Thursday, May 17, 2012

Some money is BOTH base AND broad.

Most people who have worked thru a basic introductory economics text book know that a nation’s stock of money can be split into an infinite number of categories. But one common categorisation involves splitting money supply into just two categories: base and broad.

Base money is central bank created money. Other names include “the monetary base” or “high powered money”. In contrast, there is broad money, i.e. commercial bank created money.

However, there is a small portion of the total money supply which is both base AND broad. This arises where a private sector non-bank entity purchases government debt. And this small portion of the money supply seems to give rise to a large amount of confusion: hence this post.

When a non-bank entity buys government debt, the central bank then owes the entity a debt. But non-bank entities cannot deal direct with central banks. So when the above purchase occurs, the arrangement the relevant parties end up with is: central bank owes a commercial bank a debt, and the commercial bank owes the above entity a debt.

Or as the Bank of England puts it, “When assets are purchased from non-banks . . . the banking sector gains both new reserves at the Bank of England and a corresponding increase in customer deposits.”

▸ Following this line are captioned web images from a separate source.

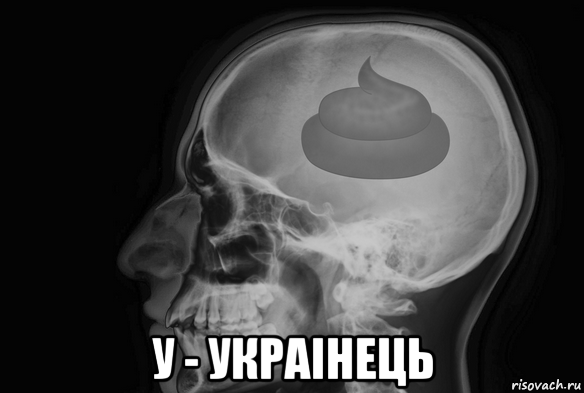  у - украiнець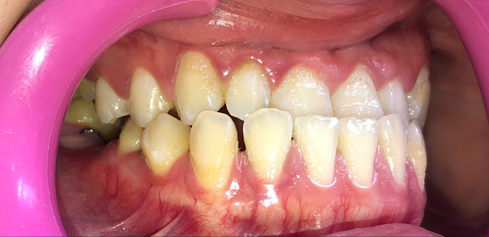 Hình ảnh tình trạng răng của khách hàng Cẩm Tú khi đến thăm khám tại Nha Khoa Tracy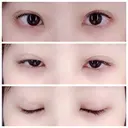 二重埋没 / 眼瞼下垂（切開） / クマ治療 / 下まぶたの脂肪取り THE MEDICAL SALON DAY 32 サムネイル用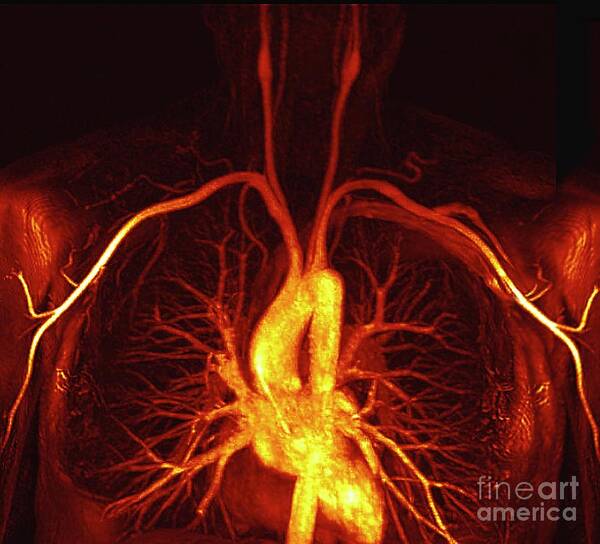 Magnetic Resonance Angiography Poster featuring the photograph Heart And Torso Blood Vessels #1 by Zephyr/science Photo Library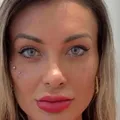 Vídeo mostra detalhes da cirurgia de Andressa Urach nos olhos; assista imagem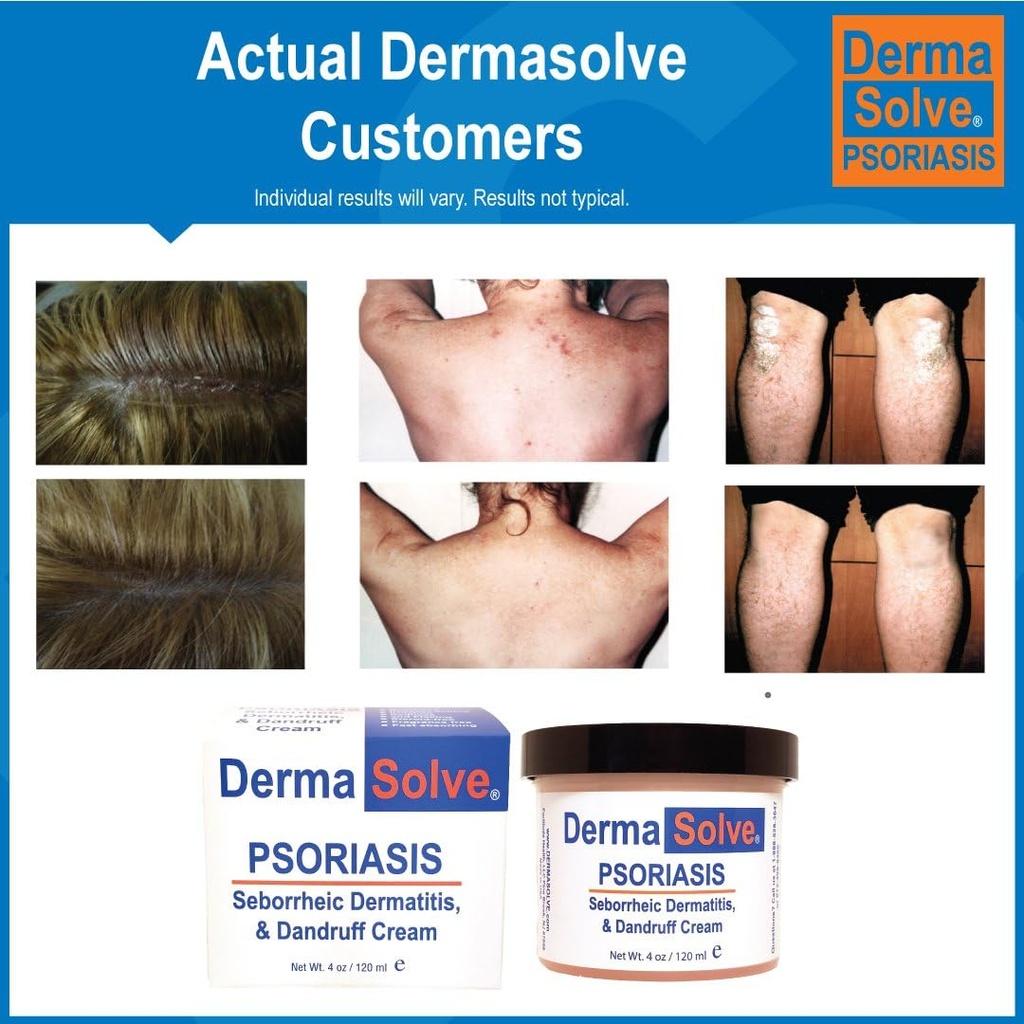 dermasolve-psoriasis-seborrheic-dermatit-5.jpg
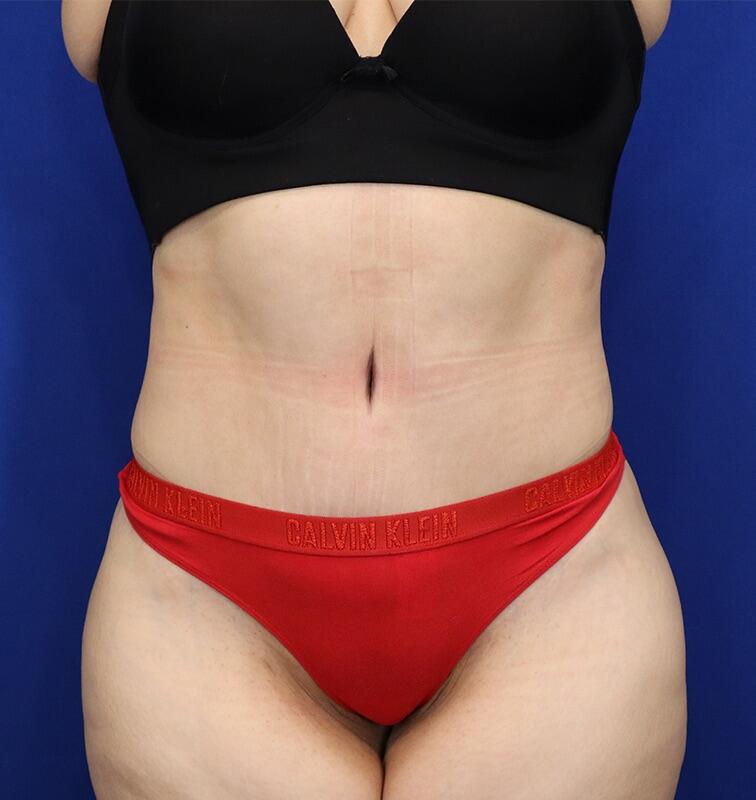 Tummy Tuck Before & After Image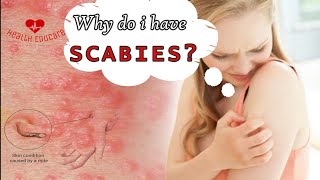 Scabies mites coming out of my skin [upl. by Rexana]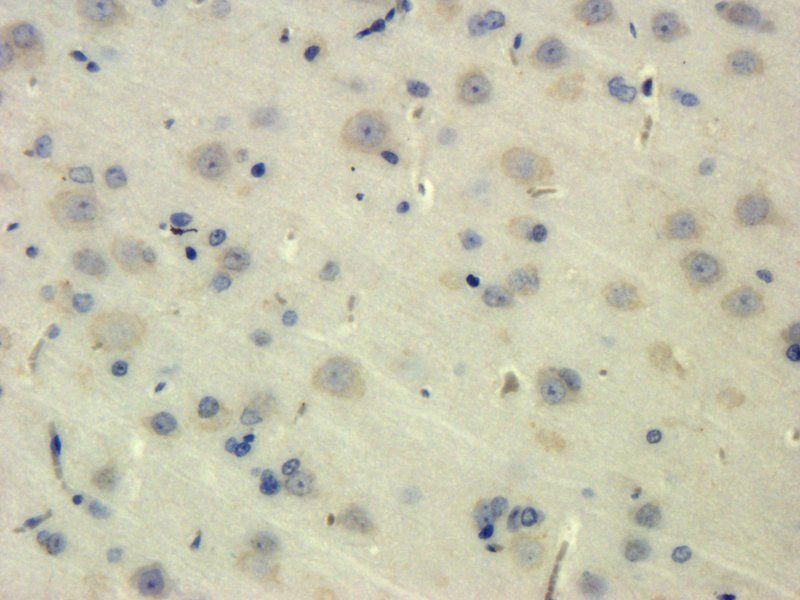 Transthyretin Mouse Monoclonal Antibody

And in a different document, and in different words, the BoE says, “If the Bank of England purchases an asset from a non-bank company, it pays for the asset via the seller’s bank. It credits the reserve account of the seller’s bank with the funds, and the bank credits the account of the seller with a deposit. (Hat tip to Gillian Swanson for directing me to the above BoE articles.)

Money is of course a form of debt: a creditor / debtor relationship. And the creditor in that relationship can make someone else the creditor (for some or all of the debt). “Making someone else a creditor” is commonly known as “making a payment”.

The actual size of the above tranche of money that is both base and broad is normally insignificant. But it will have risen substantially as a result of QE. As far as I can see from U.S. figures, the size of this tranche is currently about the same as the total amount of physical cash in circulation ($100 bills, coins, etc).